Number of answers of equation amongs odd natural numbers

Question

How many answer The following Equation has, in set of odd natural numbers?

$x_1+x_2+...+x_k=n$, $k \equiv^2 n$

Solution: Comb ( [(n+k)/2]-1, k-1), comb means combination. how we get this?

Answer 1

If $k$ is odd and $n$ is even, there are no solutions in odd integers. Similarly, if $k$ is even and $n$ is odd, there are no solutions in odd integers. So we may assume that $n$ and $k$ have the same parity (both odd or both even).

The number of solutions of $x_1+\cdots+x_k=n$ in odd positive integers is the number of solutions of $y_1+\cdots+y_k=n+k$ in even positive integers. For we go from odd integers $x_i$ to even positive integers $y_i$ by adding $1$ to each $x_i$, and the process is reversible.

Similar reasoning shows that the number of solutions of $y_1+\cdots+y_k$ in even positive integers is the same as the number of solutions of $z_1+\cdots+z_k=\frac{n+k}{2}$ in positive integers.

By standard Stars and Bars, there are $\binom{\frac{n+k}{2}-1}{k-1}$ solutions of $z_1+\cdots+z_k=\frac{n+k}{2}$ in positive integers.

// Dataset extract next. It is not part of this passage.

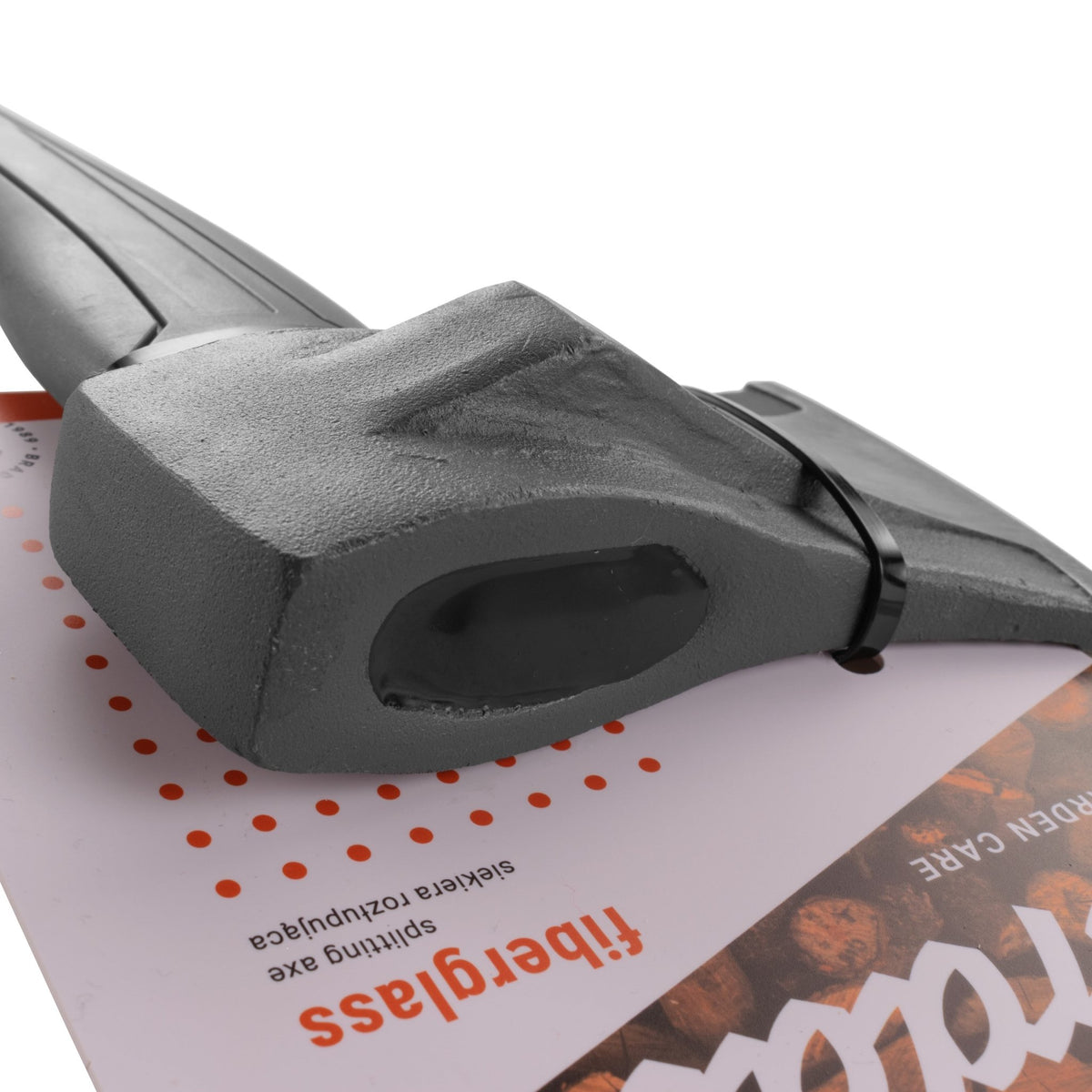 Fiberglass Splitting Axe 1000g DIY Tool Accessory Home and Garden Use - SGP Garden Ltd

Remark: Alternately, the number of solutions of $x_1+\cdots+x_k=n$ is the number of solutions of $v_1+\cdots+v_k=n-k$ in non-negative even integers (subtract $1$ from each $x_i$, which is the same as the number of solutions of $w_1+\cdots+w_k=\frac{n-k}{2}$ in non negative integers. Stars and Bars deals with this problem.